# Prof gave us wrong definition of convexity?

My professor gave us this exercise:

Let $$f : \mathbb{R} \rightarrow \mathbb{R}$$ be a differentiable function. Given the following two definitions of convexity of $$f$$, prove that (i) implies (ii):

(i) $$\forall x, y \in \mathbb{R} : f(x) \ge f(y) + f'(y)(x - y)$$

(ii) $$\forall x, y \in \mathbb{R}, \forall \lambda \in [0, 1] : f(\lambda x + (1 - \lambda)y) \le \lambda f(x) + (1 - \lambda)f(y)$$

I think definition (i) is incorrect. I think it would be correct, if we would assume $$x,y$$ arbitrary but we must have $$x \geq y$$. Since (i) is differently written:

$$\frac{f(x)-f(y)}{x-y} \ge f'(y)$$

So the gradient/slope from $$y$$ to $$x$$ is greater than the slope of $$y$$. That makes sense because in a convex function the slope increases.
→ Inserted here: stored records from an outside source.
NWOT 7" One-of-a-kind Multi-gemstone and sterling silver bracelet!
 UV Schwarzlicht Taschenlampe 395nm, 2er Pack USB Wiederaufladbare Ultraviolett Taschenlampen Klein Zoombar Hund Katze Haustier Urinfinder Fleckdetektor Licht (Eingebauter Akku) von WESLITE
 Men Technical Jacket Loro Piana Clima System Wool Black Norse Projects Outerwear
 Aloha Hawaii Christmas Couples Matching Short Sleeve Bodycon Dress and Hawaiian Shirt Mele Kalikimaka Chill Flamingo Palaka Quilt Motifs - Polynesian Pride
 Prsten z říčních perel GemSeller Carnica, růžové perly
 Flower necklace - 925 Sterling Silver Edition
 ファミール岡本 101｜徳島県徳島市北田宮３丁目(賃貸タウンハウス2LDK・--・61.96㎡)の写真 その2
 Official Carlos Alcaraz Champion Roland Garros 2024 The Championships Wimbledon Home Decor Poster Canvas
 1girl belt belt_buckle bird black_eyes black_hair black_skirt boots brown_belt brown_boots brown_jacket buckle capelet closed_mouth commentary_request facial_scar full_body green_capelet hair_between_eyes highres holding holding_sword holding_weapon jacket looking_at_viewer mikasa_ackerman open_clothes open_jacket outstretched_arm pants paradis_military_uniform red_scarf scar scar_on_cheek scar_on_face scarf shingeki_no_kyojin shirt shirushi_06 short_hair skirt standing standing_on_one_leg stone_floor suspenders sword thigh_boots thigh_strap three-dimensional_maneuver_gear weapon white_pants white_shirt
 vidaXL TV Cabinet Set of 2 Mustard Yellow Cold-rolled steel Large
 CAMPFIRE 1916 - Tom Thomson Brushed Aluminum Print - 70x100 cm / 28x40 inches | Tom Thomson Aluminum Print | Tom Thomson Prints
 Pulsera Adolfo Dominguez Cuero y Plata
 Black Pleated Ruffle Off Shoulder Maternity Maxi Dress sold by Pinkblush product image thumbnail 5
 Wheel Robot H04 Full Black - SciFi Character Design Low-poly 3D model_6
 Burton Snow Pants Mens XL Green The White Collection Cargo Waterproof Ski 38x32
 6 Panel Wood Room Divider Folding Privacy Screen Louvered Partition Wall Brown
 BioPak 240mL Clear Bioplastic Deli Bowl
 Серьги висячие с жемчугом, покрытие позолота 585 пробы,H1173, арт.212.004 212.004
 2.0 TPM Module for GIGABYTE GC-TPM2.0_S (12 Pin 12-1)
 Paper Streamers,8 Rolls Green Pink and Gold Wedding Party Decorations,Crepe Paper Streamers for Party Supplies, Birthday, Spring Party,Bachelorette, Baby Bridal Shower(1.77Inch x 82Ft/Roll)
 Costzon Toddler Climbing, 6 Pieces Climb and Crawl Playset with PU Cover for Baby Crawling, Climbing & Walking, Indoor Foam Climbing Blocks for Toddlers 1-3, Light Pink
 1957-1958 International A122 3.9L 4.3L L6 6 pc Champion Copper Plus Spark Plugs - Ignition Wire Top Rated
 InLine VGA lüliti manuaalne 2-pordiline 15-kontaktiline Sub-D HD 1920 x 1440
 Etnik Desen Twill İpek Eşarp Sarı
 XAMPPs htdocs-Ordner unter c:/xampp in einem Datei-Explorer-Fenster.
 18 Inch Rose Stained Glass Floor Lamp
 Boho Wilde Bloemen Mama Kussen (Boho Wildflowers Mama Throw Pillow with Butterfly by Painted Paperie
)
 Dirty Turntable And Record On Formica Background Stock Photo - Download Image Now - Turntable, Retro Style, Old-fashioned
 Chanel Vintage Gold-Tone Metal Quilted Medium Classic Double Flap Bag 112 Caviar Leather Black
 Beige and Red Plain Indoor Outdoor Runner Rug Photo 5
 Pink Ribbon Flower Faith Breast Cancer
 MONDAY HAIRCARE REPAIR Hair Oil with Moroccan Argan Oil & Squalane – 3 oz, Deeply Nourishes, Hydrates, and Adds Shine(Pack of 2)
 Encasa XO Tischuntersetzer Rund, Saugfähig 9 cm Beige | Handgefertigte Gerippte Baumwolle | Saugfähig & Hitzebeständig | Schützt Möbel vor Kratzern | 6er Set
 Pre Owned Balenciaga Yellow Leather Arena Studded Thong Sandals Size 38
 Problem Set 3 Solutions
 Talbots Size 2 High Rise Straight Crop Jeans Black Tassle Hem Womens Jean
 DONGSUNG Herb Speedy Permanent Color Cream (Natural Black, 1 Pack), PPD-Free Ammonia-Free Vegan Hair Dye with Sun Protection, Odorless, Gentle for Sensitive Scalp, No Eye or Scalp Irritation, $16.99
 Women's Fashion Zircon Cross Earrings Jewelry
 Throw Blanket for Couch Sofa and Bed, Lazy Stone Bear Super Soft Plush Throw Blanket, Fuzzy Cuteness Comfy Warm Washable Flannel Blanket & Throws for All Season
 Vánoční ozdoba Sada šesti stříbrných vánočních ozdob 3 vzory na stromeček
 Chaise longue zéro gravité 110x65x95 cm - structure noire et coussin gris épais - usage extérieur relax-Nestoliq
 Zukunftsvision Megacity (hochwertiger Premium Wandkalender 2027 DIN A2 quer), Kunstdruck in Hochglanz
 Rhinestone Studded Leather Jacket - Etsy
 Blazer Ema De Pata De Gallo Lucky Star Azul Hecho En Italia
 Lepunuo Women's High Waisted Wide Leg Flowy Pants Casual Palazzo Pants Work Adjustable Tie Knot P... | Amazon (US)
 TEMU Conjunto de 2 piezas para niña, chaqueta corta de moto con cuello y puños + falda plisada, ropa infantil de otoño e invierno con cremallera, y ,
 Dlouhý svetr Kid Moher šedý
But if we choose $$y$$ to be greater than $$x$$, then it's wrong.

Let me give this example:

We have $$f(x)=x^2$$ and $$x,y=\pm 1$$. The slope from $$x$$ to $$y$$ (or $$y$$ to $$x$$) is $$0$$. It's the black line in the plot. The slope at $$-1$$ is $$-2$$, that's the green line. So we indeed have $$-2 \le 0$$. But if we pick $$x$$ and $$y$$ to be $$x=-1$$ and $$y=1$$, then the statement (i) is false, since it would state that $$0 \ge 2$$.

So to me it seems, the correct definition would be:

(i) $$\forall x, y \in \mathbb{R}$$ with $$x \ge y : f(x) \ge f(y) + f'(y)(x - y)$$

• What is your question? Commented May 29 at 11:11
• @PaulFrost my question is whether I'm correct and the definition from the exercise is indeed false Commented May 29 at 11:11
• See math.stackexchange.com/questions/4923353/… for this question. Commented May 29 at 11:23
• For $x=-1$ and $y=1$ in statement (i) we have $f(x) = f(-1) = (-1)^2 = 1$ and $f(y) + f'(y)(x-y) = y^2+2y(x-y) = 1^2+2(1)(-1-1)=1-4=-3$ and certainly $1 \ge -3$, so statement (i) is not false for $x=-1$ and $y=1$. Commented May 29 at 11:26

$$f(x) \ge f(y) + f'(y)(x - y)$$ is only equivalent to $$\frac{f(x)-f(y)}{x-y} \ge f'(y)$$ when $$x - y > 0$$. In order to rewrite the first inequality into the second one, you have to divide by $$x - y$$, and when $$x - y < 0$$, this reverses the direction of the inequality.
Indeed, for your example, if you check the original inequality, you have $$f(x) = 1$$, $$f(y) = 1$$ and $$f'(y) = 2$$, so $$f(y) + f'(y)(x - y) = 1 + 2(-1 - 1) = 1 - 4 = -3$$, which is less than $$f(x) = 1$$.
And more generally, if $$f(x) = x^2$$, then $$f(y) + f'(y)(x - y) = y^2 + 2y(x - y)$$. By completing the square (with respect to $$y$$), this can be rewritten as $$x^2 - (x - y)^2$$. Since $$(x - y)^2$$ is always greater than or equal to zero, this expression is always less than or equal to $$f(x) = x^2$$.
The intuition you should have for (i) is that it states that the function always lies entirely above its tangent lines. $$T(x) = f(y) + f'(y)(x - y)$$ is the point-slope form of the equation of the line tangent to $$f$$ at $$y$$.